Incubus is not only a great band, but also a word dating to the 1100s, referring to a demon that comes in the night and has sex with a woman as she sleeps. (A succubus is the accompanying demon for men… interestingly, that word dates to 1350, so men didn’t get their nightly visits for another couple centuries.)

For today’s selection from the Malleus Maleficarum, the famous witch hunting bible from 1400s Germany, we will look at a passage about incubi (plural of incubus). This section deals with whether incubi are visible to bystanders, or if they do their nocturnal pleasuring invisibly:

But with regard to any bystanders, the witches themselves have often been seen lying on their backs in the fields or the woods, naked up to the very navel, and it has been apparent from the disposition of those limbs and members which pertain to the venereal act and orgasm, as also from the agitation of their legs and thighs, that, all invisibly to the bystanders, they have been copulating with Incubus devils; yet sometimes, howbeit this is rare, at the end of the act a very black vapour, of about the stature of a man, rises up into the air from the witch.

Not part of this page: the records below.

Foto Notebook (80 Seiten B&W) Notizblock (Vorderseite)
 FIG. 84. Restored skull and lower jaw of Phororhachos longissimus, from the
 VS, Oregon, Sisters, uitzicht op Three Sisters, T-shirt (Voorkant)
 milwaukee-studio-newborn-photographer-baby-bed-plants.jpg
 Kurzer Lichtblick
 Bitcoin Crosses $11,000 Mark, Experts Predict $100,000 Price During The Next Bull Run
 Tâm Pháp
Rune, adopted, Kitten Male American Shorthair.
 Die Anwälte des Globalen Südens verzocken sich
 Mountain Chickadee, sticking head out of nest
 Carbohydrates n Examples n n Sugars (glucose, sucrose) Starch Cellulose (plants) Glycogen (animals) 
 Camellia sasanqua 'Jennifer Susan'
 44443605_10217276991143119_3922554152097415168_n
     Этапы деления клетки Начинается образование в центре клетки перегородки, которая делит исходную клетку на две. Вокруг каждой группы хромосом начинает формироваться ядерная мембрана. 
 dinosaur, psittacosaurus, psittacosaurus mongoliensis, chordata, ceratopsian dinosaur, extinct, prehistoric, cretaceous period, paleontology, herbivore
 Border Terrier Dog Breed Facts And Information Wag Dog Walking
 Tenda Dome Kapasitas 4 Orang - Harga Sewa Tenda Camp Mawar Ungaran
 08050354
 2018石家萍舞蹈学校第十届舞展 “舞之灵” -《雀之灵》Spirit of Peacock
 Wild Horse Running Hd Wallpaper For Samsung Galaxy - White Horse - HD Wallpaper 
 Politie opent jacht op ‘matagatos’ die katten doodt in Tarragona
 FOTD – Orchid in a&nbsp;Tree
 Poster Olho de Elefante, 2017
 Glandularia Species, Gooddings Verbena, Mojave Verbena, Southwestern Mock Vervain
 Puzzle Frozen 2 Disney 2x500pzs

But true to the contradictory, irrational nature of the Malleus, a paragraph later the authors state that incubi are sometimes visible:

It is certain also that the following has happened. Husbands have actually seen Incubus devils swiving their wives, although they have thought that they were not devils but men. And when they have taken up a weapon and tried to run them through, the devil has suddenly disappeared, making himself invisible. And then their wives have thrown their arms around them, although they have sometimes been hurt, and railed at their husbands, mocking them, and asking them if they had eyes, or whether they were possessed of devils.

In my novel The Witch’s Trinity, I did not include accusations of incubus visitations. However, there is one moment where my character Güde reflects that the cat sitting on her chest is similar to an incubus.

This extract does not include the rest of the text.